For Entities purchasing, refinancing, or selling property, Brennan Title must be furnished with the following documents for review prior to settlement. Brennan Title Company reserves the right to make additional requirements and/or exceptions upon receipt and review of said documents:

Limited Liability Companies

  • Articles of Organization.
  • Certificate of Good Standing from appropriate jurisdiction where LLC is formed.
  • Operating Agreement and all Amendments.
  • Roster of Members with certification that it is complete and current.
  • In the event that any of the members of the Limited Liability Company is itself an entity, the company reserves the right to require receipt and review of documentation with respect to that organization as well.
  • A resolution from the LLC authorizing the purchase, conveyance and/or encumbrance together with designation of authorized signatories.


Corporations

  • Articles of Incorporation and any other amendments thereto, certified to be true and complete by an officer of said corporation.
  • Bylaws, certified to be true and complete by an officer of said corporation.
  • An appropriate resolution by the Board of Directors authorizing the conveyance and/or encumbrance by the Corporation and authorizing certain specifically identified corporate officers to execute, acknowledge and deliver deeds, mortgages and other documents required for the transaction or the same must be contained in the proposed instrument or instruments to be insured.
  • Incumbency certificate identifying the corporate officers and their signatures.
  • Certificate of Good Standing from the State of Incorporation.

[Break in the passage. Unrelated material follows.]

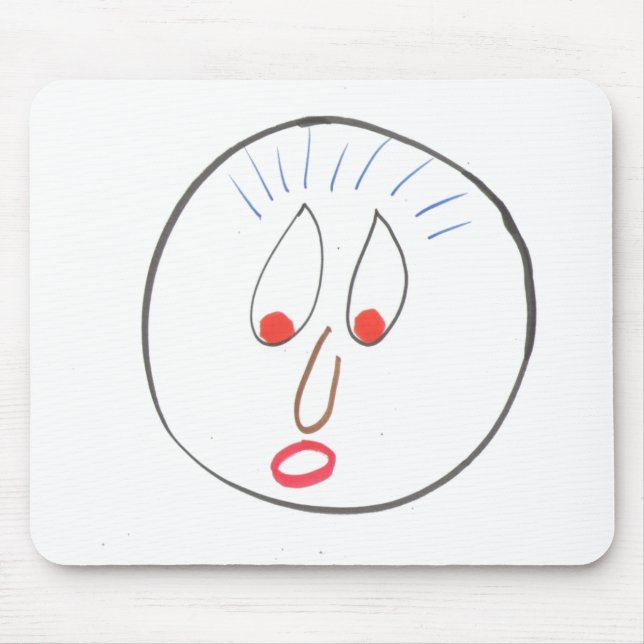 Alfombrilla De Ratón Funny Faces Mouse Pad (Frente)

In the event that the Corporation is not incorporated under the laws of the state of the property, a Certificate of Authority to transaction business as a Foreign Corporation within the property state should be provided unless ownership of this property is an isolated act of the corporation in that State.
  • Proof, satisfactory to the Company, that the sale or transfer of the subject property is not a sale or transfer of all or substantially all of said corporation’s assets. If this is not the case, further requirements may be necessary.

Limited Partnerships

  • A copy of the recorded Certificate of Limited Partnership.
  • A copy of the Limited Partnership Agreement and any amendments thereto with a certification that the copy furnished is a true copy in its entirety.
  • Evidence that the Limited Partnership is in compliance with the filing laws for Limited Partnerships for the state in which the property is located.
  • A resolution from the Limited Partnership authorizing the purchase, conveyance and/or encumbrance together with designation of authorized signatories.
  • In the event that any of the general partners of the limited partnership is itself an entity, the company reserves the right to require receipt and review of documentation with respect to that organization as well.


Trusts

  • Copy of the Trust document and any amendments thereto.